I saw a bad dream last night. The world was ending.
It was fearful while going through. It was relaxing when I came to know that it was just another dream. It was thoughtful as I woke up and remembered what was going through my mind when the dream was up and running.
What I can still recollect of those moments was an annoying lightening stroke lasted for a continuous two minutes after which the eventual thunder was expected to screw us down all the way, but to our surprise it didn’t follow. Every one of us in the scene was expecting the thunder as the lightening stroke lasted more than expected and longer than what it was supposed to be. But surprisingly nothing much happened and that made us shiver even more. All of us were running out of thoughts to save ourselves as the ear-screaming noise of people out there, waiting for some one to come to their rescue was disheartening both to witness and to hear.

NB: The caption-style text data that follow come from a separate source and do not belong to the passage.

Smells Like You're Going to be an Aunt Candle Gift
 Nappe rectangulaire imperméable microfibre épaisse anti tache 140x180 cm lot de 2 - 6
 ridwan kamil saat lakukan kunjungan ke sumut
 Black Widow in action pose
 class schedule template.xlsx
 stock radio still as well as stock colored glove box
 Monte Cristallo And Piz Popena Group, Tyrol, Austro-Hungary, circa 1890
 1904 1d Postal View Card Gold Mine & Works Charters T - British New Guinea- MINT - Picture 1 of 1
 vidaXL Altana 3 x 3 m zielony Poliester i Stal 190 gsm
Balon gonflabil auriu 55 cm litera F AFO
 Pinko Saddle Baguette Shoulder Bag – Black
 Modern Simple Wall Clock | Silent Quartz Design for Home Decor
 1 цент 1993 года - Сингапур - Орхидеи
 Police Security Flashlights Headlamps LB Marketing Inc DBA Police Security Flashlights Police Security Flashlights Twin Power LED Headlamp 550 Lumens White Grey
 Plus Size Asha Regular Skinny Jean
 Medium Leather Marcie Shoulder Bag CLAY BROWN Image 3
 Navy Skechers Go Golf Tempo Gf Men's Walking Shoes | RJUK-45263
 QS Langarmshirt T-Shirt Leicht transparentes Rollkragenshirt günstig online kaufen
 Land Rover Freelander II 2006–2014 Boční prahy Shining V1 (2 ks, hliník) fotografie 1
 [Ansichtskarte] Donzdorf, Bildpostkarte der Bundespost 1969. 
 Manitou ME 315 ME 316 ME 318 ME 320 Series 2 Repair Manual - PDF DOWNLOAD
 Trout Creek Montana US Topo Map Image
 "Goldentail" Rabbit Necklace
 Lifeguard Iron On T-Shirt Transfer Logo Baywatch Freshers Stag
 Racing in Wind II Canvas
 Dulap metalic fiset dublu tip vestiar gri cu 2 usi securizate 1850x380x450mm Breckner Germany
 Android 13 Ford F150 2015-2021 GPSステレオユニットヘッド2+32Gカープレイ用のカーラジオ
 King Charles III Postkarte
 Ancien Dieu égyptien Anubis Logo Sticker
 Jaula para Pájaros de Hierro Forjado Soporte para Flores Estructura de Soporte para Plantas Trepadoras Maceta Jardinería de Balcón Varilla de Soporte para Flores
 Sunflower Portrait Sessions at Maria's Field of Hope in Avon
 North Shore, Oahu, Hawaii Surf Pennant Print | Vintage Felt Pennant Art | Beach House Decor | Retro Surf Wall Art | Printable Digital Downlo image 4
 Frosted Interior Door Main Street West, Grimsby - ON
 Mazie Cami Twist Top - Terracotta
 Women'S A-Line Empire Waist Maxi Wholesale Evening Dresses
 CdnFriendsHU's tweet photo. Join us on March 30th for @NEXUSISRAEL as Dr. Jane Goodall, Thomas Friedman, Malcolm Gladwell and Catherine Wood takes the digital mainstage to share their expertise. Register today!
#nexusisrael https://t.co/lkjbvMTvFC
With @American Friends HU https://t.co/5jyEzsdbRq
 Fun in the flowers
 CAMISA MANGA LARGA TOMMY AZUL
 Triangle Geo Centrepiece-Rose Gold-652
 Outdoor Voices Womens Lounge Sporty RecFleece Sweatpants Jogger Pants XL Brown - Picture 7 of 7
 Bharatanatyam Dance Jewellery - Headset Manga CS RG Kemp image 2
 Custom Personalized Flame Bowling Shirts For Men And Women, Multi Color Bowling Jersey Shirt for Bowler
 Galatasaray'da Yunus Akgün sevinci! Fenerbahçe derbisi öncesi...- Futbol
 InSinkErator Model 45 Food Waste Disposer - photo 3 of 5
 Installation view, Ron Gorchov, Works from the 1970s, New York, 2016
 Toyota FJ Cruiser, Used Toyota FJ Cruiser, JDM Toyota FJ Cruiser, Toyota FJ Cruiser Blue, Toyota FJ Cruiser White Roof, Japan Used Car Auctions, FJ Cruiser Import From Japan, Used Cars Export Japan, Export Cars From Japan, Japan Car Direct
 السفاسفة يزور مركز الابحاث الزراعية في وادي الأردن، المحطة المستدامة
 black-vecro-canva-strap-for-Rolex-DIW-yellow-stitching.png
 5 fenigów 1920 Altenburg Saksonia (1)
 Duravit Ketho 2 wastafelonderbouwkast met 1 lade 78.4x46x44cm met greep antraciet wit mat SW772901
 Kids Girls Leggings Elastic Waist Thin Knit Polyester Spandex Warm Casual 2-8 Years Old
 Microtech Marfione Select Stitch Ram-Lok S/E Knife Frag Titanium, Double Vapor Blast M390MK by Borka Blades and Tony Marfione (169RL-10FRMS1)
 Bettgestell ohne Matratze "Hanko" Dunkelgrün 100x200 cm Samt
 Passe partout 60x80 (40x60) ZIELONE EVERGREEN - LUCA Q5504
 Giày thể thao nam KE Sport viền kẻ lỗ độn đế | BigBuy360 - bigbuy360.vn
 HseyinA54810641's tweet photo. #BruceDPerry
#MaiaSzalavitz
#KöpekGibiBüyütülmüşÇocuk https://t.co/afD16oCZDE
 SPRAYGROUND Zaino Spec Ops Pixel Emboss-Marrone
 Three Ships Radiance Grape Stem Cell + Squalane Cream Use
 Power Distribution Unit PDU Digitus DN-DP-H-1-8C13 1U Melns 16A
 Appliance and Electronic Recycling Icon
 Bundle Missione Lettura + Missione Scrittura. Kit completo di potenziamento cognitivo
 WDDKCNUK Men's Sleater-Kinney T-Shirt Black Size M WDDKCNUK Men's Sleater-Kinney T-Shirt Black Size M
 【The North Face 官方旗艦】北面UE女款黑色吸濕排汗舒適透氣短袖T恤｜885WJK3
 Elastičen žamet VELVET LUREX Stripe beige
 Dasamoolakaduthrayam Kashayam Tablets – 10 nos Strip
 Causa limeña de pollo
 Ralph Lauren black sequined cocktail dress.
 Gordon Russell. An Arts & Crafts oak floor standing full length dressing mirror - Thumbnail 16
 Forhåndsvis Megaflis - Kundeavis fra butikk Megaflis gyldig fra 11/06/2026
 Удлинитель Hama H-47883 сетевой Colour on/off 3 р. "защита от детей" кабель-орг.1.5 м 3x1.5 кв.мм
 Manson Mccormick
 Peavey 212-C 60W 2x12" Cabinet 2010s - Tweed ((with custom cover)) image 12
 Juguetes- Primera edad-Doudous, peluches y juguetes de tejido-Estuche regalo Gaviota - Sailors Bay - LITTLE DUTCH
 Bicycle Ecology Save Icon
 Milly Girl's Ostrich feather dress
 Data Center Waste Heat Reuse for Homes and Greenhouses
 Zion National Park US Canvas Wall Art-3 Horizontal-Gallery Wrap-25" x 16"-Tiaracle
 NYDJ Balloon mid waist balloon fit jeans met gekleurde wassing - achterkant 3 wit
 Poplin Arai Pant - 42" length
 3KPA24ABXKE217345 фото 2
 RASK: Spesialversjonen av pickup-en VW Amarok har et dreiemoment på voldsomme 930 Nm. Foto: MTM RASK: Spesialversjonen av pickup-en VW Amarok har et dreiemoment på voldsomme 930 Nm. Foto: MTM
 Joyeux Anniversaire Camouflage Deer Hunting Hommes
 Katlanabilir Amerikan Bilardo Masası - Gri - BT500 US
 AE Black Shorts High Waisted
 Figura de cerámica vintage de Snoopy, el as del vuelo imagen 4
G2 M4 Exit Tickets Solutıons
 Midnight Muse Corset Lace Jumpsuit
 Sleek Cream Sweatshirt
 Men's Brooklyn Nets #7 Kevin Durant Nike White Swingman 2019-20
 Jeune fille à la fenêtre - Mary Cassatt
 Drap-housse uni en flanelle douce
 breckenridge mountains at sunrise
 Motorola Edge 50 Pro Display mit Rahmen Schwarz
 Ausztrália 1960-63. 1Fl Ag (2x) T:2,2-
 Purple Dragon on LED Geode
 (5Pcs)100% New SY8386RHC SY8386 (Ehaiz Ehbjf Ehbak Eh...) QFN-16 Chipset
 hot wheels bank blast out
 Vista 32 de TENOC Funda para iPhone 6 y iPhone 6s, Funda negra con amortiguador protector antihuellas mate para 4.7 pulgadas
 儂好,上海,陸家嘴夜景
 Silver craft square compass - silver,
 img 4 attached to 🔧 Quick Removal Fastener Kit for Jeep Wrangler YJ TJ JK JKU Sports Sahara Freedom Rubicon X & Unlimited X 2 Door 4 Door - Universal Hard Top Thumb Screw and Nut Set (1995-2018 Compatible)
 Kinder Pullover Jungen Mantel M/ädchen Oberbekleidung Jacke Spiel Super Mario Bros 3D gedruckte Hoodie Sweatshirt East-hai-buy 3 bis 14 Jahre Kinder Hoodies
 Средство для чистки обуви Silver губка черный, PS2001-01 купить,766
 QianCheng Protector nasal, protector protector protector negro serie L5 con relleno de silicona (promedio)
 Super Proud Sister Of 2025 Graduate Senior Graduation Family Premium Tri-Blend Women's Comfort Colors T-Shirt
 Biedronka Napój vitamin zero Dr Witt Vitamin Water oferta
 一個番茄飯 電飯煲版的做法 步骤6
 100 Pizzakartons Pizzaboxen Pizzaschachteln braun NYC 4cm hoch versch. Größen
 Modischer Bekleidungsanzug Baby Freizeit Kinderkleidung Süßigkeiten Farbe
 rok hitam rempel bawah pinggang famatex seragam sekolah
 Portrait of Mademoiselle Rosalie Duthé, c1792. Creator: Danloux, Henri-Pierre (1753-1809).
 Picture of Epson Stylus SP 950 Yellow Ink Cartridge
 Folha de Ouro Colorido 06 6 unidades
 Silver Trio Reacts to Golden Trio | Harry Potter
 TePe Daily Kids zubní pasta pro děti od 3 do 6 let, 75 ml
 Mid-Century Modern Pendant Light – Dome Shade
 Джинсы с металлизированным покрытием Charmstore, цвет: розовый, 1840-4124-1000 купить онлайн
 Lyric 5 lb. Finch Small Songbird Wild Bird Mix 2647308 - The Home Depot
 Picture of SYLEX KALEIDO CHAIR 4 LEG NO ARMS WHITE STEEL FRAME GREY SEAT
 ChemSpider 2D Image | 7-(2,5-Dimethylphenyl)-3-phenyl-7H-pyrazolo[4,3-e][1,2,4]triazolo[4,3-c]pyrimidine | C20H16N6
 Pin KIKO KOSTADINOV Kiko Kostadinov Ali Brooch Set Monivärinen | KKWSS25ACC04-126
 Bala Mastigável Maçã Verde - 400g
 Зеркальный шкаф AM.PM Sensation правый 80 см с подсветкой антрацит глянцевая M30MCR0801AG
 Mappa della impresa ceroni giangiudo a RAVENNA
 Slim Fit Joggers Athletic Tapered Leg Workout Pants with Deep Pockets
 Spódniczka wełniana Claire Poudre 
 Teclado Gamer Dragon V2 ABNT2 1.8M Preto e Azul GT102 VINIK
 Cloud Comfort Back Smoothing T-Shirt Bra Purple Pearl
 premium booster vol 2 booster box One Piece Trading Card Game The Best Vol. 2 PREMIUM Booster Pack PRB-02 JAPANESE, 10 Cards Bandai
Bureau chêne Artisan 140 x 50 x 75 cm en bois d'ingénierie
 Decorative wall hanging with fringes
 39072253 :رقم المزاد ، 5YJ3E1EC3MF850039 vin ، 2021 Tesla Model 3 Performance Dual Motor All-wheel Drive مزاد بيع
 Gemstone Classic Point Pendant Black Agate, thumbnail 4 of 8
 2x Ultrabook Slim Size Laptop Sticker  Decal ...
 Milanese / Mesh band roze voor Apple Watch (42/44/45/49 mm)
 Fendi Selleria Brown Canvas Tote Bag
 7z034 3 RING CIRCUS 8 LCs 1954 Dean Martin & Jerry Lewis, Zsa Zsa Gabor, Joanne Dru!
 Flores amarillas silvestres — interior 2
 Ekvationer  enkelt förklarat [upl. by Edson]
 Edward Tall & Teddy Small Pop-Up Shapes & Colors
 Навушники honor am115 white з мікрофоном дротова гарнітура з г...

As I opened my eyes it was all dark around. After few seconds, it appeared like a famous place for me at least. Now the realization popped up that it was just a dream. How relaxing! Nothing much could be done about the bad dream in the mid of the night other than turning aside and closing my eyes once again. It was a dream after all.
In the morning I was rethinking about the thoughts I was having while the dream was running in my mind. I didn’t know any one who was around me, who was accompanying me through out those scaring incidents. Whoever it was, there was no question of whom, what we regularly do when we meet people. There was no question of doubt on anyone as we were all left alone to do journey with. There was only one ambition, to survive, to breath more. We were helping each other who otherwise would ask hell lot of questions to help. It was feeling horrible but there was a tempo to help each other, there was a goal to save each other. Being unknown, being feared, we all were having determination for each others well being in mind.
I’m not sure from where the snobbish fear of witnessing the end of the world has started to come to my knowledge. But of course, its very clear that most of us are already contaminated with this thought.
If it has to end it has to start somewhere. Be it the world, be it the fear, it has to start ending somewhere. Better to end the fear of witnessing the end of the world. I firmly believe that nothing of that sort is going to be experienced by us.
Have good life. Make most out of it.